(Available data)

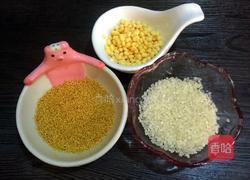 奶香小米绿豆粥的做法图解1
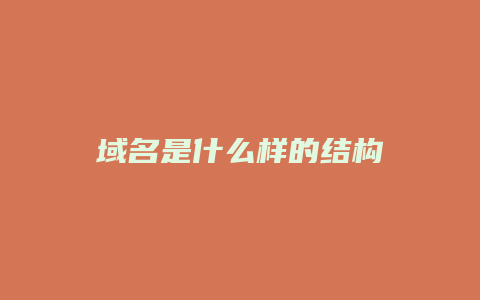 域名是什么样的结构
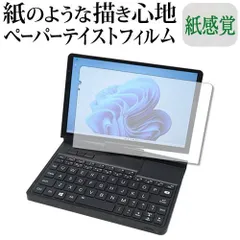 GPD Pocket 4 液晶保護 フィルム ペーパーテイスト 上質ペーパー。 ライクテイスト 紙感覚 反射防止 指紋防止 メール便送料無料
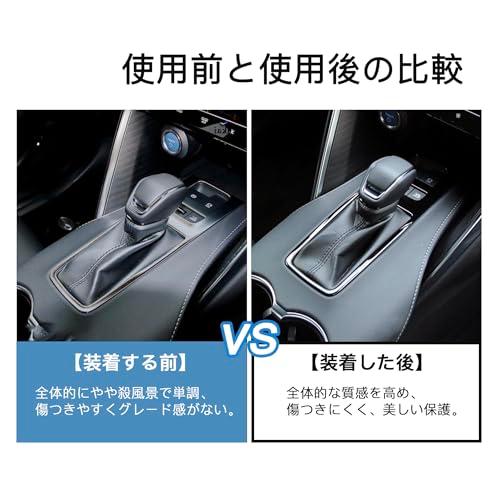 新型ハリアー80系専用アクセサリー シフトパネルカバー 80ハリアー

(End Available data)

## Task to carry out
Would you set down the listing exactly, omitting pictures?

## Answer to this problem
 奶香小米绿豆粥的做法图解1
 域名是什么样的结构
 GPD Pocket 4 液晶保護 フィルム ペーパーテイスト 上質ペーパー。 ライクテイスト 紙感覚 反射防止 指紋防止 メール便送料無料
 新型ハリアー80系専用アクセサリー シフトパネルカバー 80ハリアー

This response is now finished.